I grandi giocatori erano spesso frustrati contro di lui. Nei primi turni erano costretti a giocare alla pari, o comunque a rodarsi su un livello molto alto di concentrazione, contro un avversario molto più in basso in classifica. A metà tra sdegno aristocratico e impazienza Federer aveva commentato: «Quello di Karlovic non è proprio tennis». Lui, sempre amorevole, disse: «Senza tiebreak posso battere Federer solo in una rissa». Ci fu un contrappasso ad Halle nel 2015, quando una donna chiese a Federer un autografo pensando fosse Karlovic. Federer perse solo una volta da lui su 14 incontri, ma dopo quell’incontro Federer era parso disorientato: «È brutto perdere la partita senza perdere il servizio. Voglio dire, non so cosa trarre da questa partita. Non c’è niente in questo tipo di partite. Cosa potevo fare? Ho solo cercato di servire bene». Djokovic ha addirittura un record negativo contro Karlovic.

Quando si parla di Karlovic, però, si trascura spesso il lato tecnico del suo servizio. Nella grande scuola del servizio croata, è stato un’eccellenza assoluta per pulizia del gesto. Dopo aver lanciato in lato la pallina, il corpo di Karlovic si decontrae fino a prendere uno stato quasi liquido, una medusa che aspira l’acqua appena prima del suo moto ondulatorio, e poi si abbatte sulla pallina portando il suo corpo alla massima estensione. Karlovic arriva a colpire una pallina da un’altezza di oltre tre metri. Un servizio a più di duecento chilometri orari che piove dal balcone dal primo piano alto di una palazzina. Un fatto che manda in tilt la normale fisica del tennis. Da quell’altezza la prospettiva sul quadrato del servizio è più ampia: Karlovic poteva trovare angoli per gli altri impossibili, e i rimbalzi della pallina erano imprevedibili.
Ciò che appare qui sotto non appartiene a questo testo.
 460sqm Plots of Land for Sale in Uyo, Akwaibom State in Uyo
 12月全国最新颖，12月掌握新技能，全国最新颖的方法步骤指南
Durante una partita a Wimbledon un suo servizio ha rimbalzato fin sopra ai teloni di protezione.

Tutti i video di Karlovic al servizio sono magnetici per qualche motivo.

Ci sono altri dati estremi sul servizio di Karlovic, ovviamente. È il secondo giocatore della storia con più ace in carriera, più di tredicimila, dietro John Isner, ed è il giocatore con più ace registrati in un singolo match, 45 ad Halle 2015. Vi invito a non guardare il video ma ad ascoltarlo, per entrare dentro il suo loop meditativo.

Nel 2011 ha tirato fuori il servizio più veloce della storia, in un doppio insieme a Dodig di Coppa Davis. La bassa risoluzione del video rende irrintracciabile la pallina.

Il suo record è stato poi battuto da Sam Groth e questo allora è il secondo servizio più veloce della storia.

Non solo era affascinante vedere Karlovic al servizio, ma lo era soprattutto osservare come riusciva a intrappolare le partite in una trama tremendamente serrata di punteggio, ponendo ai suoi avversari più talentuosi problemi di difficile soluzione.

La bellezza del tennis, lo sappiamo, sta nella diversità del suo ecosistema. Nel fatto che si possa perseguire lo stesso scopo seguendo approcci profondamente differenti. L’eredità di Karlovic verrà raccolta da altri esseri umani giganti pronti a bucherellare il quadrato di servizio, ma quanti di loro avranno la sua grazia?